L’augmentation des mélanomes a une relation très claire avec l’exposition aux ultraviolets. Le cancer du sein reste stable au détriment d’être moins fréquent chez les femmes ménopausées plus âgées, mais plus fréquent chez les jeunes femmes préménopausées. Et on ne sait pas trop pourquoi. Les programmes de diagnostic précoce commencent à devenir obsolètes. Si une femme me demandait individuellement, je recommanderais qu’elle commence à se surveiller plus tôt que ne le dit la campagne publique. Il faut avoir un système public puissant, mais aussi faire un peu plus de notre côté, même pour le secteur privé. Les campagnes publiques de dépistage de masse ont un très faible rendement, avec seulement 15 % des femmes qui passent des mammographies.
Les tests génétiques sont-ils justifiés alors qu’il nous est pratiquement impossible de ne pas avoir un cas connu de cancer dans la famille ?
Je me consacre à cela, et effectivement il y a des familles dans lesquelles il semble qu’il y ait beaucoup de cancers. Mais ensuite, vous commencez à creuser et il s’avère qu’ils vivent tous jusqu’à 90 ans et ont eu six ou sept enfants. Il y a mille cousins et oncles. Bien sûr, il y aura des cas de cancer ! Au contraire, il y a des familles qui semblent avoir très peu. Mais il s’avère que le père est mort dans un accident de voiture à 35 ans, les oncles ne se parlent pas et ne connaissent pas son état de santé… Il n’y a peut-être qu’un seul cas, mais c’est une 35- femme d’un an atteinte d’un cancer du sein aux deux seins, la suspicion d’un risque héréditaire est puissamment soulevée. Vous devez avoir des informations publiques et la capacité de vous reconnaître, sinon vous ne verrez pas les signaux d’alarme.
Le livre raconte quelque chose d’espoir : l’avènement des anticorps monoclonaux et comment ils ont été appliqués pour la première fois au cancer HER2-positif.
C’est comme ca! Ils ont d’abord été utilisés dans les lymphomes. HER2-positif représente un tiers des cancers du sein, et c’était presque comme une réanimation. Chez les patients atteints d’un cancer métastatique agressif, qui n’ont pas répondu à la chimiothérapie, vous leur avez donné l’anticorps soudainement et ils ont commencé à répondre au traitement dans les 15 jours.
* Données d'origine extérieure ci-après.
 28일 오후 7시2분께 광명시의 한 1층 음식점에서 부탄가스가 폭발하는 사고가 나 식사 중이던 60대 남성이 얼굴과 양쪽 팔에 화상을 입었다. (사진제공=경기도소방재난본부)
Tout comme cela s’est produit plus tard avec l’immunothérapie et le mélanome : lorsque cela se produit, c’est très illustratif du pouvoir de la science.
Le père de l’immunothérapie, James Allison, nous a dit que la rémission du cancer avait augmenté de 20 % avec ces nouvelles approches thérapeutiques.
Bien sûr, avec le cancer, on n’ose pas dire « guérison complète », mais on voit des patients atteints de mélanome métastatique « tout le long » -dans les cellules cérébrales, osseuses, hépatiques- chez qui la maladie a disparu. En 12 ans d’examens, la maladie n’est pas réapparue. Malheureusement, ce n’est pas généralisé à tous les types de cancer, loin de là, mais dans le mélanome et le cancer du poumon par exemple, on guérit de nombreux patients sans une seule goutte de chimiothérapie. Et les médicaments inhibiteurs de points de contrôle sont la « première étape » de l’immunothérapie. Maintenant commence le domaine des vaccins anticancéreux à ARNm.
C’est une question qui divise les experts : guérirons-nous un jour du cancer ?
Nous guérissons déjà certains types de cancer avec la chimiothérapie conventionnelle. Mais la guérison du cancer en général ? Je pense que oui, comme cela s’est produit avec la tuberculose. Il continue de tuer des gens dans le monde, mais il a un remède. Avant, on disait qu’un tel était « mal de poitrine » parce que dire « tuberculose » c’était dire « il est mort ». La même chose se produira avec le cancer. Il n’y aura pas une seule percée qui ouvre le New York Times comme lorsque l’homme a atterri sur la lune. Mais les nouvelles thérapies vont prendre de l’ampleur et il se peut que dans deux générations le cancer ne soit plus une préoccupation.